Tak lama setelah semua duka cita itu mereda, tibalah saatnya kami semua melaksanakan wasiat nenek. Tepat pada hari ke seratus sepuluh meninggalnya nenek, kakek memilih seorang wanita solehah nan cantik untuk diperistrinya. Seorang nenek yang baik hati dengan tiga orang anak dan sembilan orang cucu. Wanita itu memang sudah terpilihkan dengan tepat oleh nenek sebelum meninggalnya. Dulu ketika di rumah sakit, nenek pernah berkata selepas bangun dari tidurnya, “Ini mah nini Neneng, ini mah nini Neneng, bukan nini Oko, jangan salah manggil, ya. Ini mah nini Neneng.” sambil menunjuk dirinya. Entah apa yang baru saja datang dalam mimpi nenek saat itu hingga beliau bisa berkata demikian. Kami anggap itu suatu pertanda, dan tanda itu memang benar-benar nyata sekarang.


Air mata bahagia tumpah ruah sesaat selepas ikrar janji suci itu dikumandangkan oleh Abah. Di sebuah masjid tempat dilangsungkannya pernikahan fenomenal sepanjang sejarah kehidupan keluarga besar kami, hampir seluruh sanak saudara yang hadir di situ menangis. Terlebih lagi kedua mempelai laki-laki dan perempuan. Mereka bagai dua insan yang terlahir kembali. Filosofi hari raya kembali fitri di sini benar-benar terjadi. Kakek dan nenek baruku saling memandang, tersenyum. Ketika Abah mendekap dan mencium istrinya dengan gembira, seketika tawa buncah memenuhi ruangan masjid yang cukup luas dengan empat tiang itu. Kami semua bersuka cita pada hari itu. Nenek di alam sana pasti turut tersenyum bahagia menyaksikan ini semua.

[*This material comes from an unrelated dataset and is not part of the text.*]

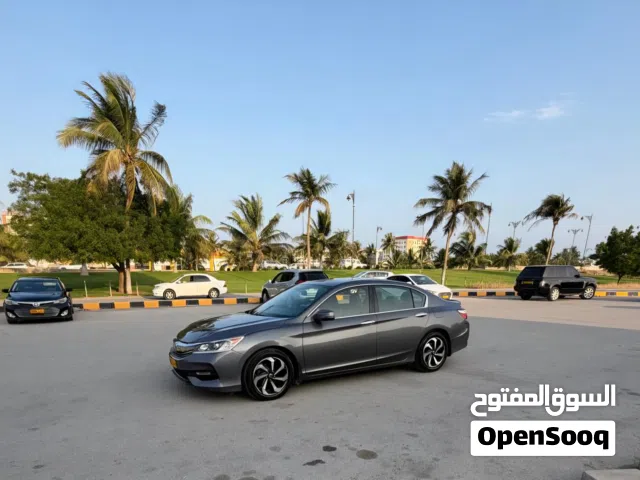 2017 هوندا اكورد EX-L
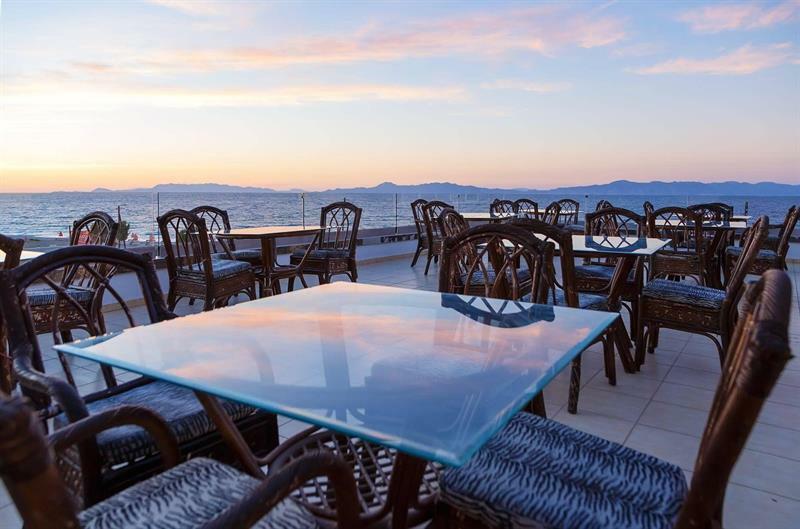 Forum Beach Lalyssos Экстерьер фото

Selanjutnya, bahtera kehidupan Abah dan Nini Neneng kami angankan berlangsung dengan sakinah, mawaddah, wa rahmah. Kami yakin pertalian itu dilandasi oleh rasa cinta yang penuh kepada Yang Maha Kuasa. Sungguh indah cerita yang dituliskan tinta-Nya bagi kehidupan kakek, nenek, nini Neneng, dan kami semua. Setelahnya, ini akan menjadi sebuah cerita yang panjang. Mudah-mudahan cerita ini akan berujung pada dikumpulkannya kembali keluarga kami di surga yang menawan kelak. Aamiin ya Tuhanku yang Maha Penyayang.